Ya hükümetin tetikçisi olacaklardır, ya da gerçek bir gazeteci gibi davranacaklardır.Yani hükümetlere eyvallah etmeyeceklerdir.
Buna örnek olanak İsmail Cem İpekçi’yi gösterebiliriz.
İsmail Cem, Bülent Ecevit’in başbakanlığı döneminde TRT Genel Müdürlüğü’ne getirilmişti; ancak TRT’de yaptığı yenilikler nedeniyle muhalefetin tepkisini çekmiş, bu yüzden yönetime gelen 1. Milliyetçi Cephe hükümeti tarafından görevden alınmıştı.
İsmail Cem, açtığı davayı kazanmış, görevine geri dönmüş, daha sonra da istifa etme erdemini göstermişti.

Anadolu Ajansı Genel Müdürü Şenol Kazancı’nın da AA’nın başına nasıl getirildiğini bilmeyen yok.
Bilal Erdoğan’ın arkadaşı olduğu göz önüne alınırsa, ondan ve yönettiği AA’dan gazetecilik ilkelerini uygulamasını beklemek saflık olur.

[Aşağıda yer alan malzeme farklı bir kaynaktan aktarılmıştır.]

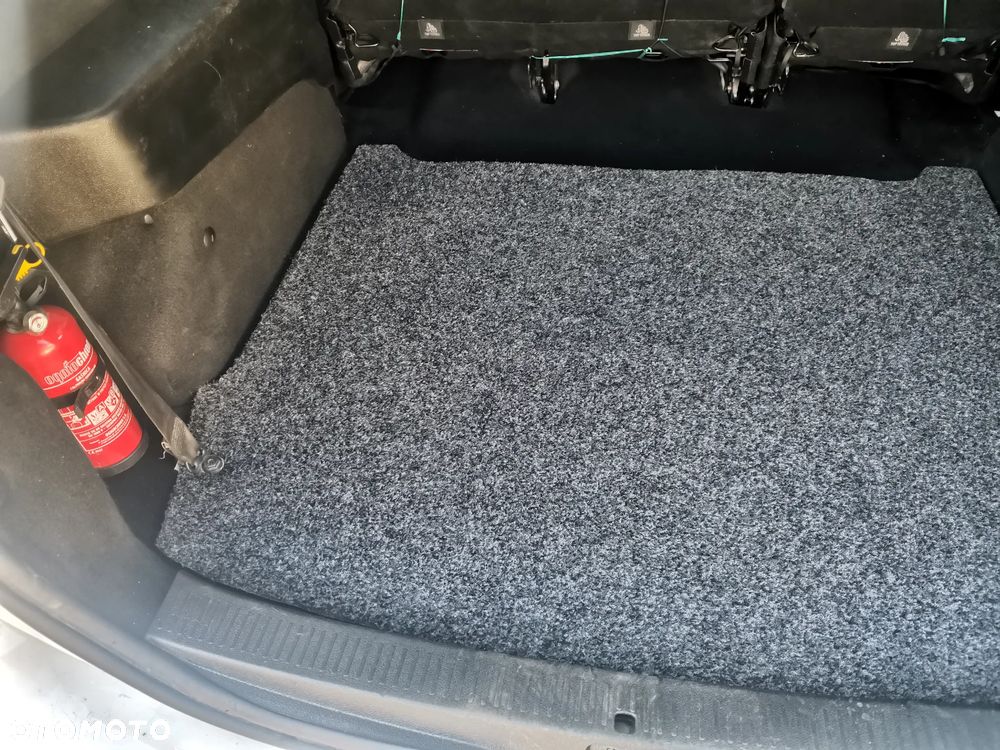 Dacia Lodgy 1.6 SCe Access S&S - 9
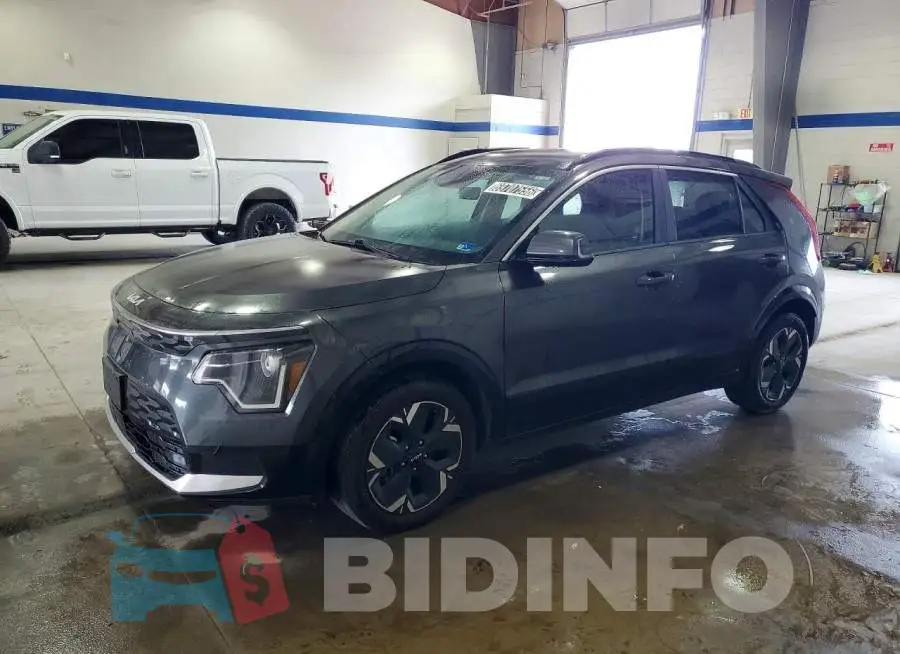 KNDCR3L1XR5113365 Photo# 1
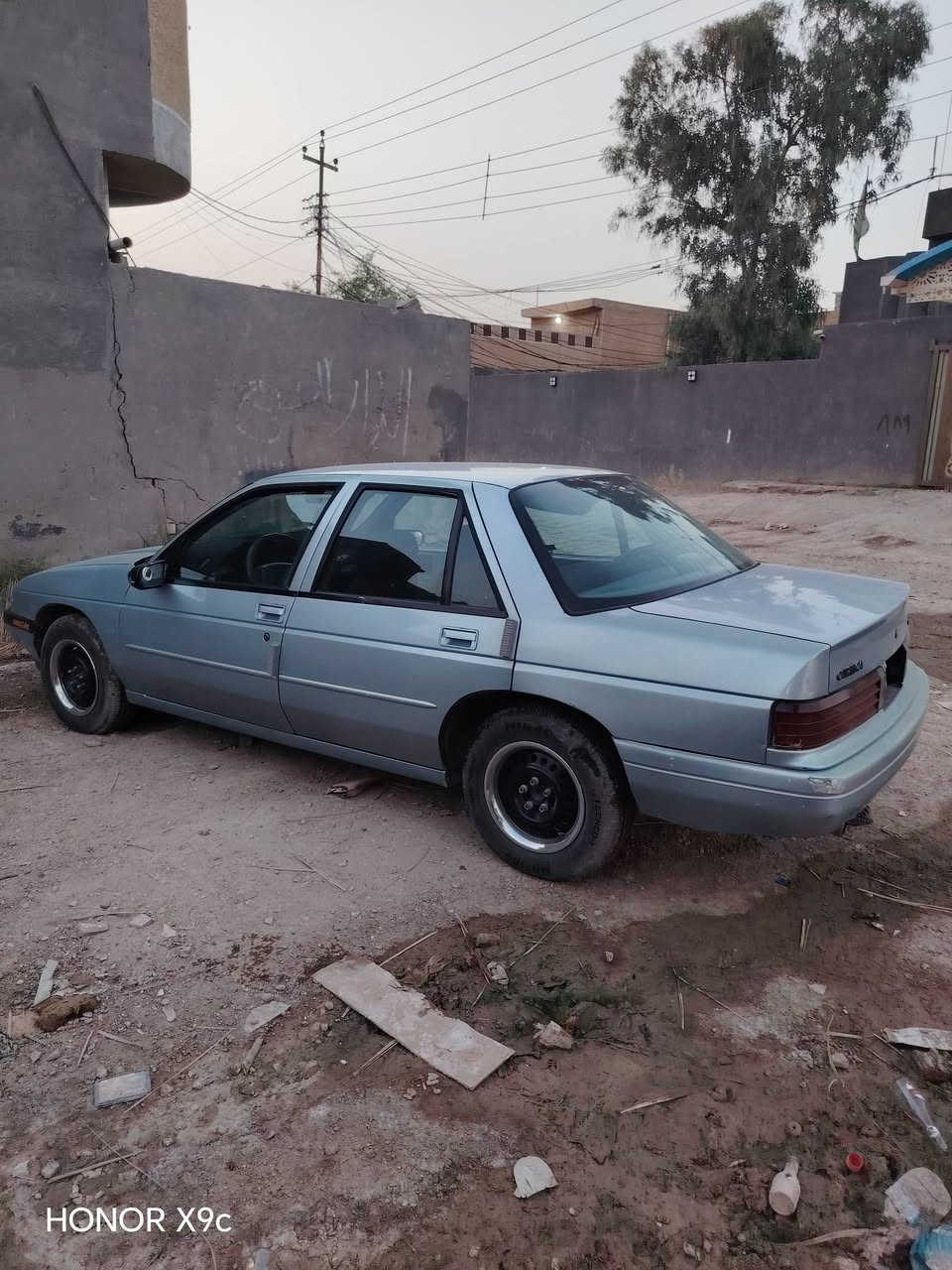 البيع او مروس حسب القنع سيار حلو كلي شغال كير مكين 6 السلدر بسم جاري تحول باشر مكاني جسر ديال جديد سعر 30 انتصل ودلل ***********

نص مكتوب في الصور:
- HONOR X9c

Türk Basınının ‘’Amiral Gemisi’’ olan Hürriyet Gazetesi’nin kurucusu ve sahibi olan Sedat Simavi’nin oğlu Haldun Simavi, kardeşi Erol Simavi’den ayrılarak ‘’GÜNAYDIN’’ gazetesini kurmuştu.
Haldun Simavi’nin, eşiyle birlikte özel uçağıyla Roma’ya makarna yemeye gittiği bilinirdi.
Süleyman Demirel’in, başbakanlığı döneminde, özel uçaklarla ilgili söylemleri Haldun Simavi’yi kızdırmış olacak ki, hükümetin Gediz’de yaptığı deprem evleriyle ilgili bol fotoğraflı haberler Günaydın gazetesinde yayımlanınca Başbakan Süleyman Demirel geri adım atmak zorunda kalmıştı.

O yılların gazete patronlarının neredeyse hepsi gazeteciliğin ne olduğunu biliyorlardı.
Hürriyet Gazetesi’nin, Türk Basınının Amiral Gemisi olmasının nedeni kurucusu ve sahibi Sedat Simavi ile oğulları, Erol-Haldun Simavi de gazeteciydiler.
Milliyet’te Ali Naci Karacan, Cumhuriyet’ne, Yunus Nadi, Nadir Nadi,
Yeni Sabah’ta Safa Kılıçoğlu, Akşam’da Necmettin Sadak,

O yüzden AA Genel Müdürü Şenol Kazancı’ya yüklenmenin bir anlamı yok; çünkü o yolunu seçmiş, onu oraya getiren güce karşı durursa anında kapının önüne koyulur.
Doğal olarak Şenol Kazancı’da mührü kaptırmaktansa mesleği satmak daha iyidir diyebilir.